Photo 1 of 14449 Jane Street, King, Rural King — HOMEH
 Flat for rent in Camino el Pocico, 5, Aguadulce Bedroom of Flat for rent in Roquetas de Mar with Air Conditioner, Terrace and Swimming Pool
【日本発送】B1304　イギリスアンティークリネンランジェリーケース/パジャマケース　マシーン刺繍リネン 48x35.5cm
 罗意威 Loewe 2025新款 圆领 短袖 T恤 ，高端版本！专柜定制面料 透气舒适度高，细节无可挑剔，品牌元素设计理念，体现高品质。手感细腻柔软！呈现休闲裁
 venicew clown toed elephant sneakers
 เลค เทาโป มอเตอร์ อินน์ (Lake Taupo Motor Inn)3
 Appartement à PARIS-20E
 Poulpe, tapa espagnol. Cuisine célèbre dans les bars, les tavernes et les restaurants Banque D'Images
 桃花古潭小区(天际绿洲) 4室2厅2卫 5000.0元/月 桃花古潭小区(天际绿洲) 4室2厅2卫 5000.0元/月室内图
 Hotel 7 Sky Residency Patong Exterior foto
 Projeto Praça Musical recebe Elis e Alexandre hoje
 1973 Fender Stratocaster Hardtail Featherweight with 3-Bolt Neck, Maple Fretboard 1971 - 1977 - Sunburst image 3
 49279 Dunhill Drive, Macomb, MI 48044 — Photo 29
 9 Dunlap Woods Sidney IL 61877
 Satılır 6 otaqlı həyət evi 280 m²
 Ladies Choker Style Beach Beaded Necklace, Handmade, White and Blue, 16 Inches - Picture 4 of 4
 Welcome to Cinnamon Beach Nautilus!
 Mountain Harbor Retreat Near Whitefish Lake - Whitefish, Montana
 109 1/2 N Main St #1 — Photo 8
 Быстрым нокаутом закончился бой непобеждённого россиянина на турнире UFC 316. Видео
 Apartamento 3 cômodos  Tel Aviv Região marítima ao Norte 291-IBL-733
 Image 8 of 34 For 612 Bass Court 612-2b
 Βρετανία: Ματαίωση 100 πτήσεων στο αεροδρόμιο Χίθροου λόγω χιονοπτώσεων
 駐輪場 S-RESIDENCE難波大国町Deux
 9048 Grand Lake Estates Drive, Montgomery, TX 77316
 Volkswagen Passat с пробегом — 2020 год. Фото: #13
-=-=-
### EXERCISE DETAILS
Repeat word for word the lines running from the line containing "Apartamento 3 cômodos" to the end of the entries above, inclusive.

### RESULT OF THIS TASK
 Apartamento 3 cômodos  Tel Aviv Região marítima ao Norte 291-IBL-733
 Image 8 of 34 For 612 Bass Court 612-2b
 Βρετανία: Ματαίωση 100 πτήσεων στο αεροδρόμιο Χίθροου λόγω χιονοπτώσεων
 駐輪場 S-RESIDENCE難波大国町Deux
 9048 Grand Lake Estates Drive, Montgomery, TX 77316
 Volkswagen Passat с пробегом — 2020 год. Фото: #13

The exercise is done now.